Development of flexible hepatitis B virus core protein virus-like particles as a universal vaccine scaffold using a range of antigen-capturing systems

Abstract

The development of safe and flexible vaccines is an essential tool to fight emerging and re-emerging pathogens. Virus-like particles (VLPs) offer promising and adaptable options in vaccine development due to their safety and high immunogenicity. VLPs are non-infectious viral structures mimicking native viruses and can stimulate cellular and humoral immune responses. Additionally, VLPs can be modified as generic vaccine platforms to present various antigens.

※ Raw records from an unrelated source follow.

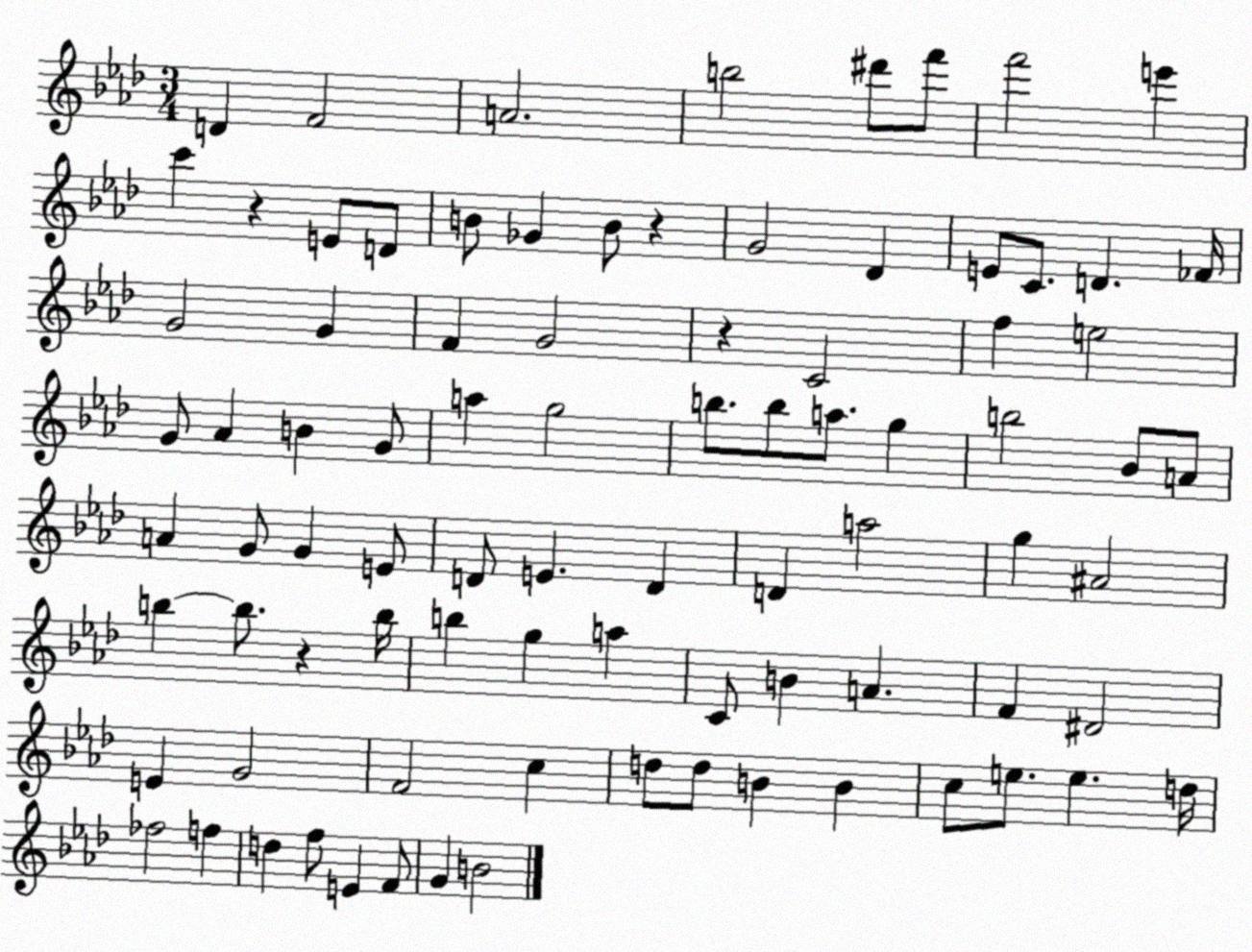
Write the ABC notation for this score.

X:1
T:Untitled
M:3/4
L:1/4
K:Ab
D F2 A2 b2 ^d'/2 f'/2 f'2 e' c' z E/2 D/2 B/2 _G B/2 z G2 _D E/2 C/2 D _F/4 G2 G F G2 z C2 f e2 G/2 _A B G/2 a g2 b/2 b/2 a/2 g b2 _B/2 A/2 A G/2 G E/2 D/2 E D D a2 g ^A2 b b/2 z b/4 b g a C/2 B A F ^D2 E G2 F2 c d/2 d/2 B B c/2 e/2 e d/4 _f2 f d f/2 E F/2 G B2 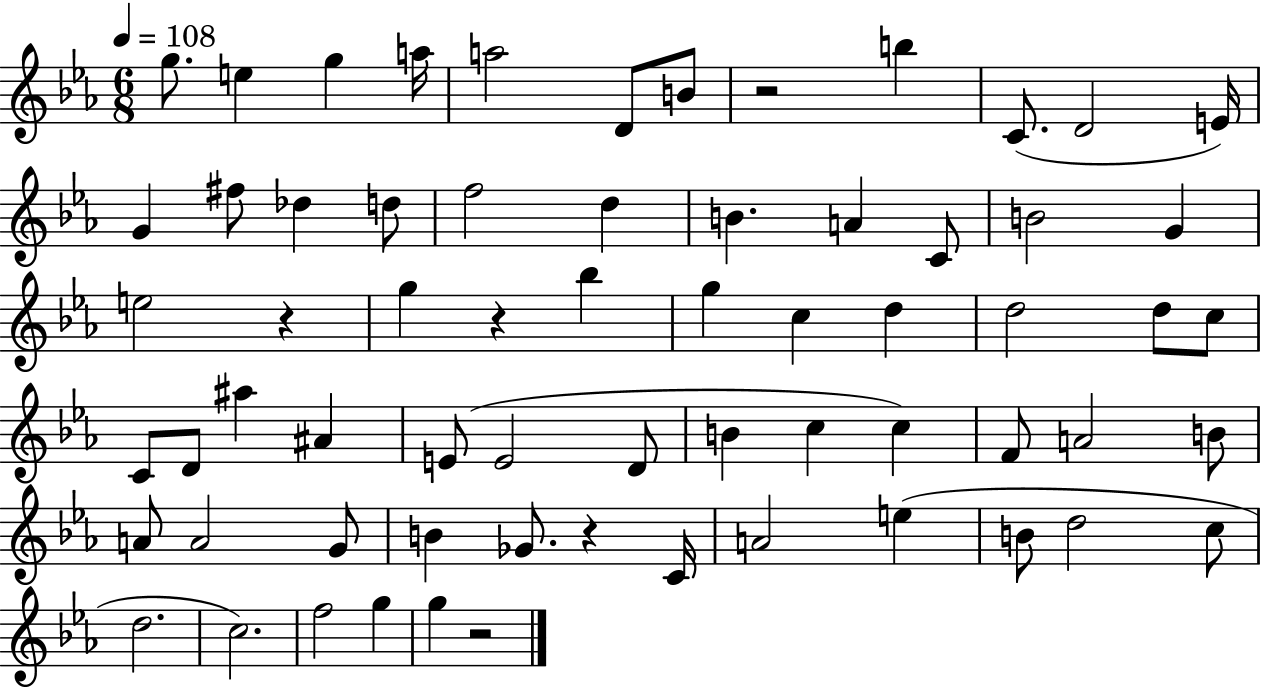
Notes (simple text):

G5/e. E5/q G5/q A5/s A5/h D4/e B4/e R/h B5/q C4/e. D4/h E4/s G4/q F#5/e Db5/q D5/e F5/h D5/q B4/q. A4/q C4/e B4/h G4/q E5/h R/q G5/q R/q Bb5/q G5/q C5/q D5/q D5/h D5/e C5/e C4/e D4/e A#5/q A#4/q E4/e E4/h D4/e B4/q C5/q C5/q F4/e A4/h B4/e A4/e A4/h G4/e B4/q Gb4/e. R/q C4/s A4/h E5/q B4/e D5/h C5/e D5/h. C5/h. F5/h G5/q G5/q R/h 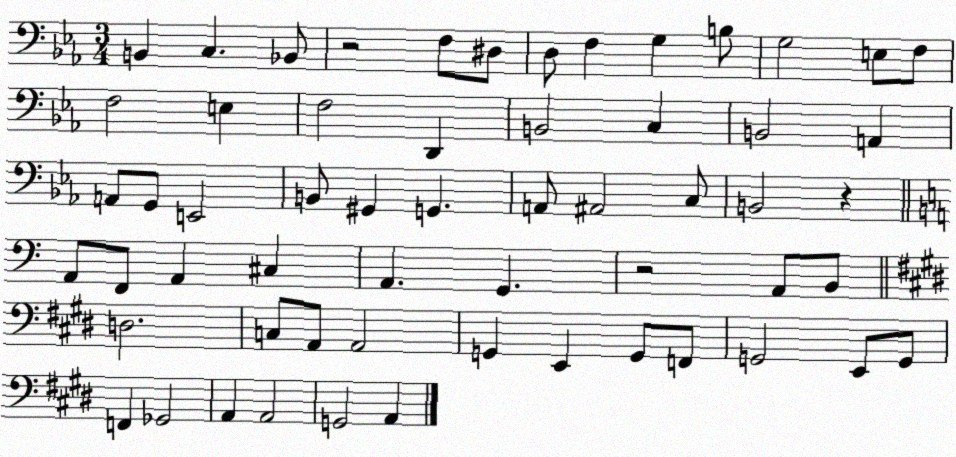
X:1
T:Untitled
M:3/4
L:1/4
K:Eb
B,, C, _B,,/2 z2 F,/2 ^D,/2 D,/2 F, G, B,/2 G,2 E,/2 F,/2 F,2 E, F,2 D,, B,,2 C, B,,2 A,, A,,/2 G,,/2 E,,2 B,,/2 ^G,, G,, A,,/2 ^A,,2 C,/2 B,,2 z A,,/2 F,,/2 A,, ^C, A,, G,, z2 A,,/2 B,,/2 D,2 C,/2 A,,/2 A,,2 G,, E,, G,,/2 F,,/2 G,,2 E,,/2 G,,/2 F,, _G,,2 A,, A,,2 G,,2 A,, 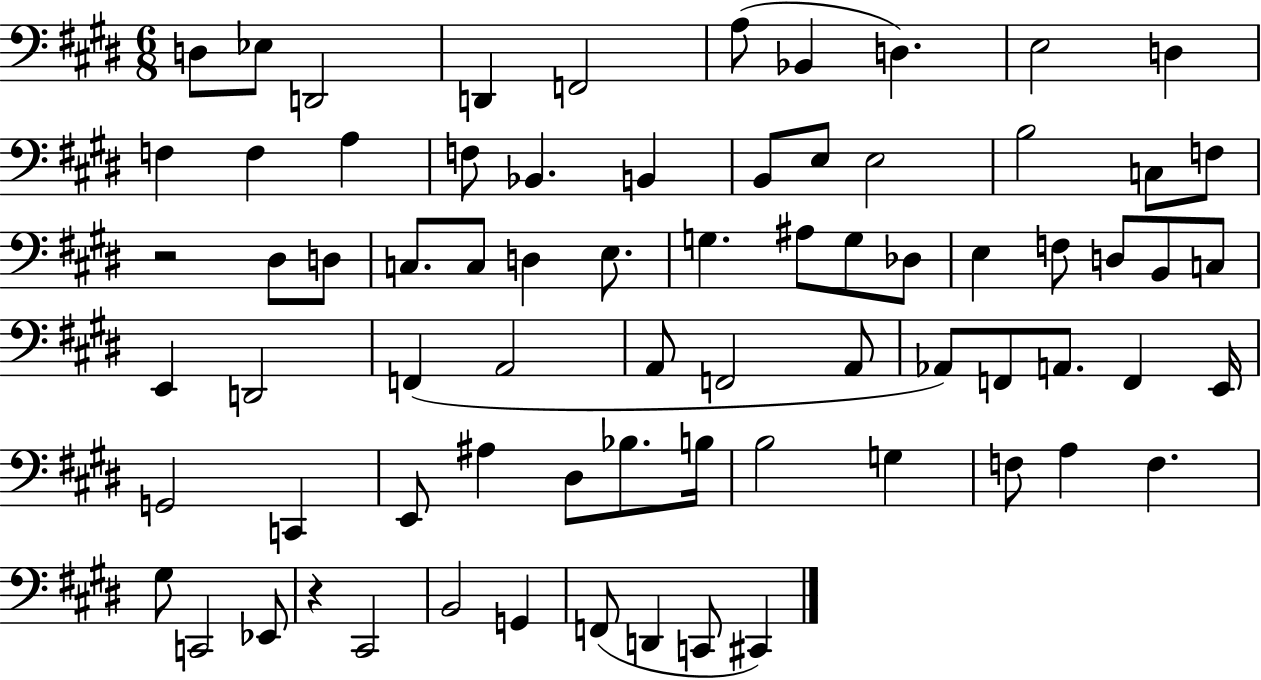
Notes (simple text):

D3/e Eb3/e D2/h D2/q F2/h A3/e Bb2/q D3/q. E3/h D3/q F3/q F3/q A3/q F3/e Bb2/q. B2/q B2/e E3/e E3/h B3/h C3/e F3/e R/h D#3/e D3/e C3/e. C3/e D3/q E3/e. G3/q. A#3/e G3/e Db3/e E3/q F3/e D3/e B2/e C3/e E2/q D2/h F2/q A2/h A2/e F2/h A2/e Ab2/e F2/e A2/e. F2/q E2/s G2/h C2/q E2/e A#3/q D#3/e Bb3/e. B3/s B3/h G3/q F3/e A3/q F3/q. G#3/e C2/h Eb2/e R/q C#2/h B2/h G2/q F2/e D2/q C2/e C#2/q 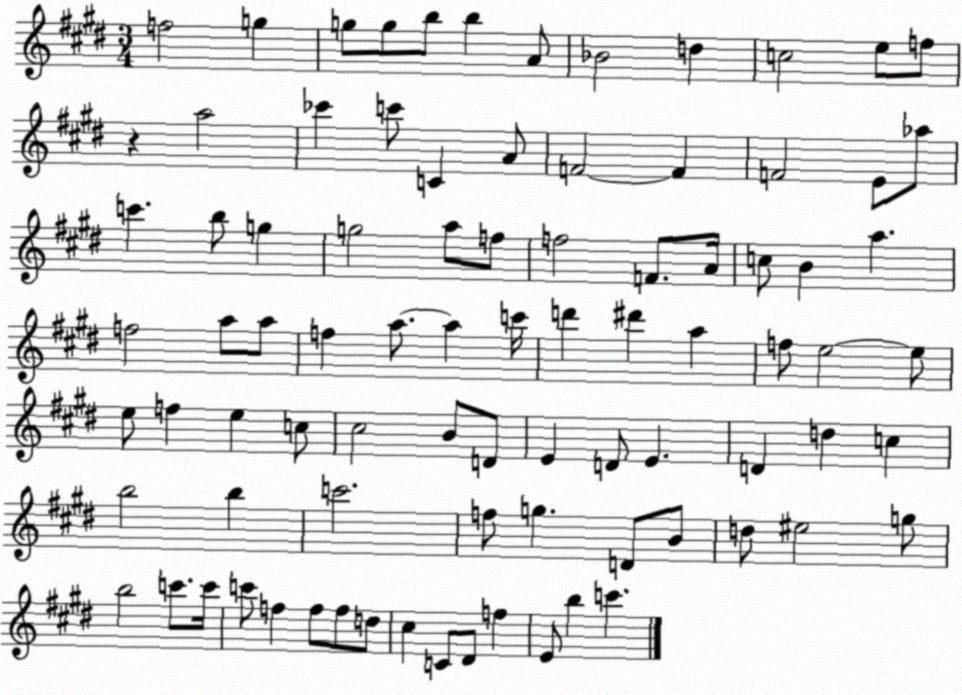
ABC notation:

X:1
T:Untitled
M:3/4
L:1/4
K:E
f2 g g/2 g/2 b/2 b A/2 _B2 d c2 e/2 f/2 z a2 _c' c'/2 C A/2 F2 F F2 E/2 _a/2 c' b/2 g g2 a/2 f/2 f2 F/2 A/4 c/2 B a f2 a/2 a/2 f a/2 a c'/4 d' ^d' a f/2 e2 e/2 e/2 f e c/2 ^c2 B/2 D/2 E D/2 E D d c b2 b c'2 f/2 g D/2 B/2 d/2 ^e2 g/2 b2 c'/2 c'/4 c'/2 f f/2 f/2 d/2 ^c C/2 ^D/2 f E/2 b c' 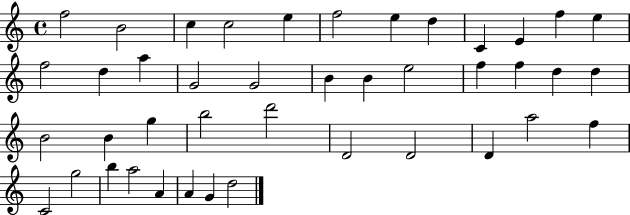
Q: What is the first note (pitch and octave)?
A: F5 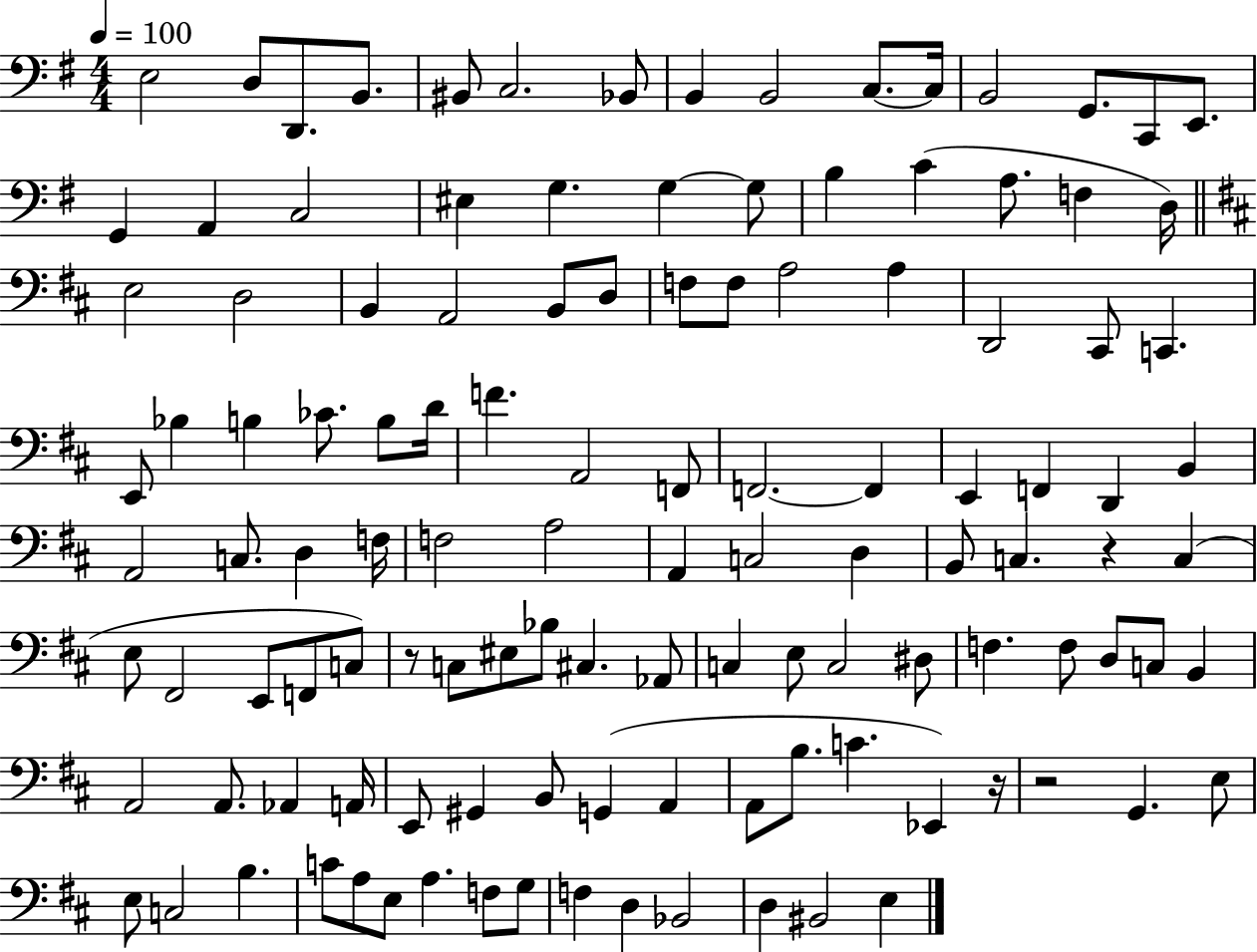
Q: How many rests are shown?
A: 4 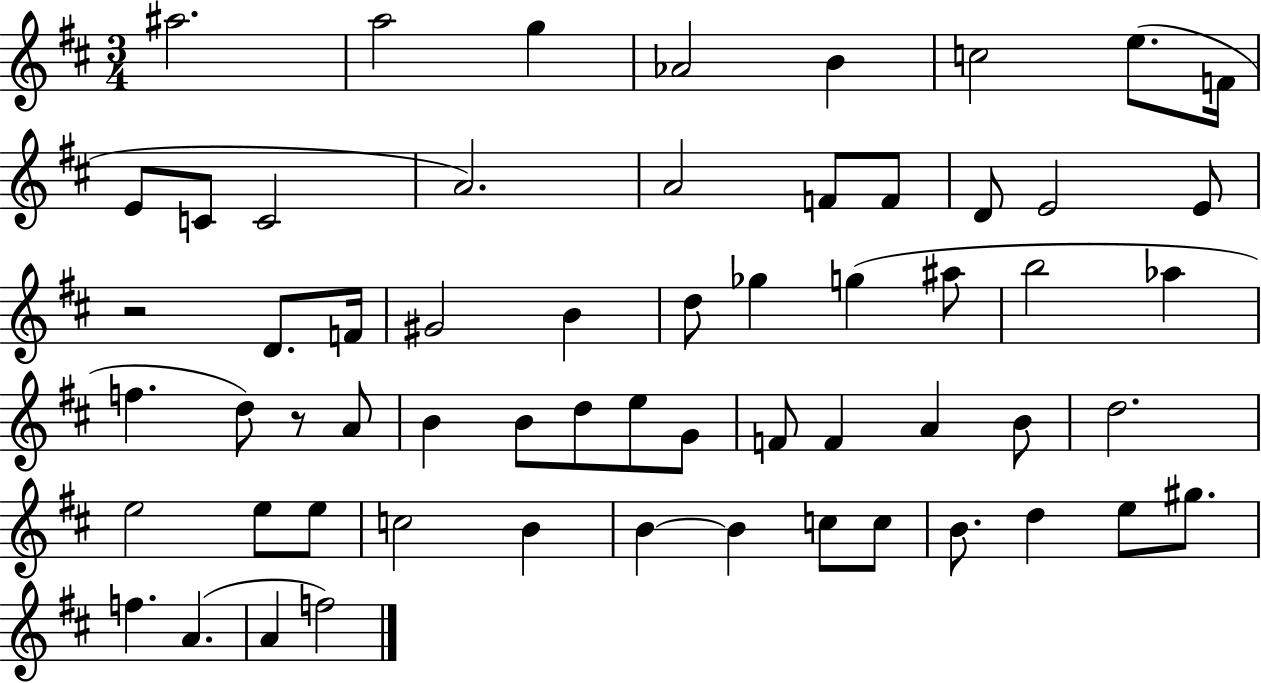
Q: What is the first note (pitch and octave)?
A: A#5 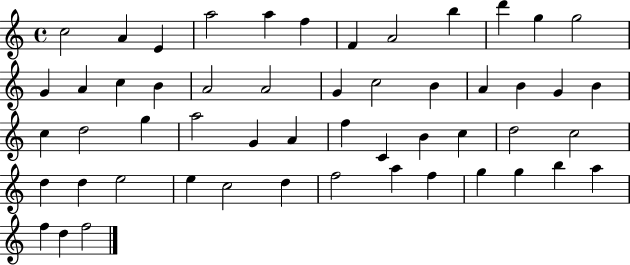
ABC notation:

X:1
T:Untitled
M:4/4
L:1/4
K:C
c2 A E a2 a f F A2 b d' g g2 G A c B A2 A2 G c2 B A B G B c d2 g a2 G A f C B c d2 c2 d d e2 e c2 d f2 a f g g b a f d f2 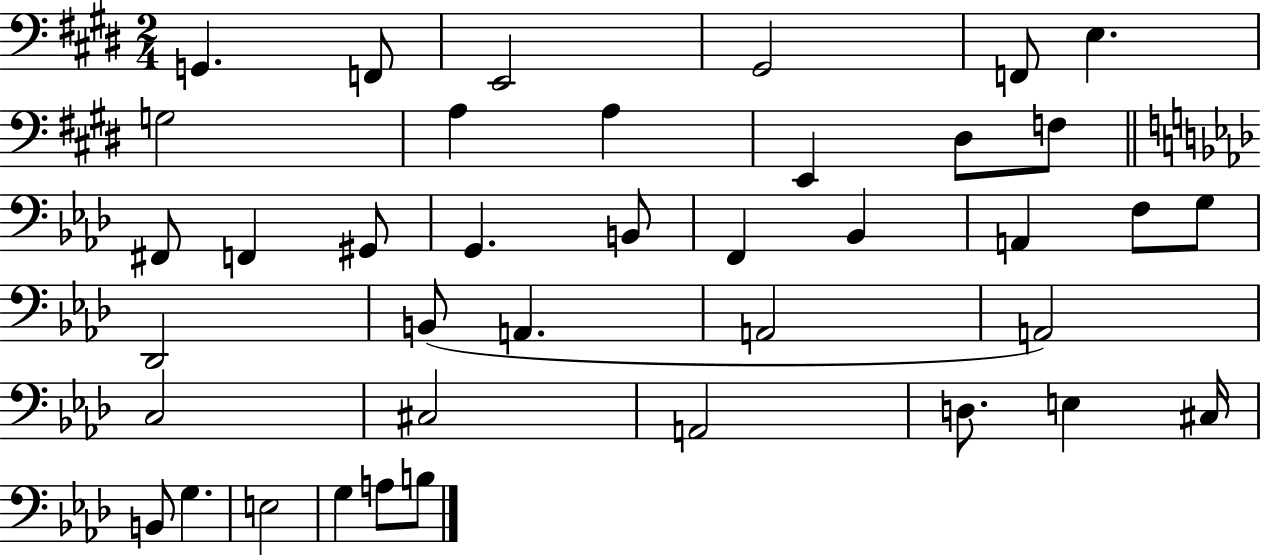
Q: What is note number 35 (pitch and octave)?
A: G3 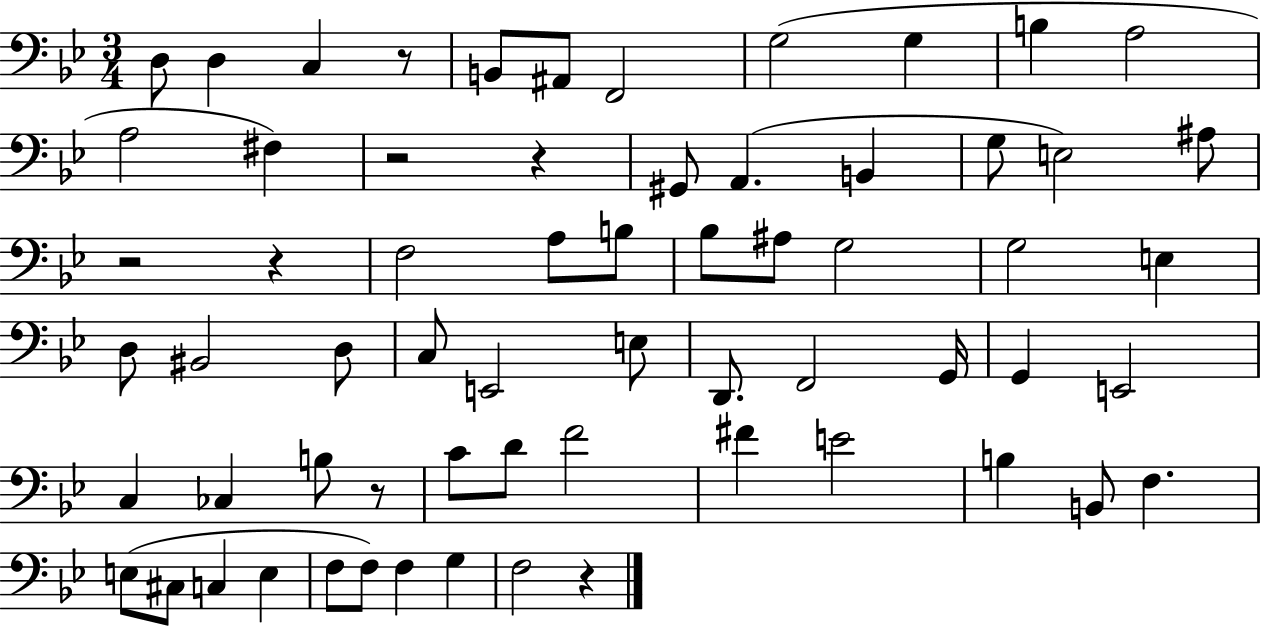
D3/e D3/q C3/q R/e B2/e A#2/e F2/h G3/h G3/q B3/q A3/h A3/h F#3/q R/h R/q G#2/e A2/q. B2/q G3/e E3/h A#3/e R/h R/q F3/h A3/e B3/e Bb3/e A#3/e G3/h G3/h E3/q D3/e BIS2/h D3/e C3/e E2/h E3/e D2/e. F2/h G2/s G2/q E2/h C3/q CES3/q B3/e R/e C4/e D4/e F4/h F#4/q E4/h B3/q B2/e F3/q. E3/e C#3/e C3/q E3/q F3/e F3/e F3/q G3/q F3/h R/q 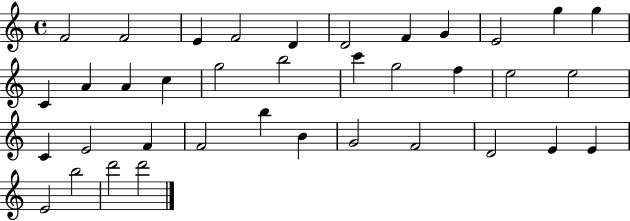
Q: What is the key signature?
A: C major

In this project, hepatitis B core antigen (HBcAg) VLPs were investigated as a presentation platform based on a fused dimer of two monomeric subunits. HBcAg VLPs were modified to incorporate antigen-capturing systems (ACSs) to create a new platform. The ACSs used here are small artificial non-antibody binding proteins that recognise and bind specific protein targets. The ACSs selected were an Affimer against small ubiquitin-like modifier (SUMO) tag, as well as the SpyTag/SpyCatcher systems. In model one, VLPs presented a single ACS: Affimer, SpyTag, or SpyCatcher at the N-terminus or the major immunodominant region (MIR) of HBcAg. In model two, dual antigen-capturing systems (dACSs) were used: Affimer was engineered into the MIR and SpyTag into the N-terminus. The dACS VLPs allow the decoration with dual antigens to enhance immunogenicity against a specific pathogen. These VLPs were successfully produced in a yeast expression system (Pichia pastoris, which is also known as Komagataella phaffii).

In addition to the production of different VLPs, a fragment of glycoprotein G from respiratory syncytial virus (RSV-G) was also generated. The RSV-G protein was tagged with either SUMO tag or SpyCatcher to allow interaction with the corresponding VLP. RSV-G proteins were then successfully expressed in mammalian expression systems.

The VLPs described above were decorated with a range of proteins, including glycoprotein 1 (GP1) of the Junín virus and glycoprotein G of the RSV-G. One of the VLPs was tested in an immunisation study in mice (with Junín virus GP1 as an antigen). The results showed superior responses for the decorated VLPs compared to the noncomplexed GP1. The results described in this thesis have demonstrated the development of a novel vaccine platform that could be employed with a number of different antigens in the future.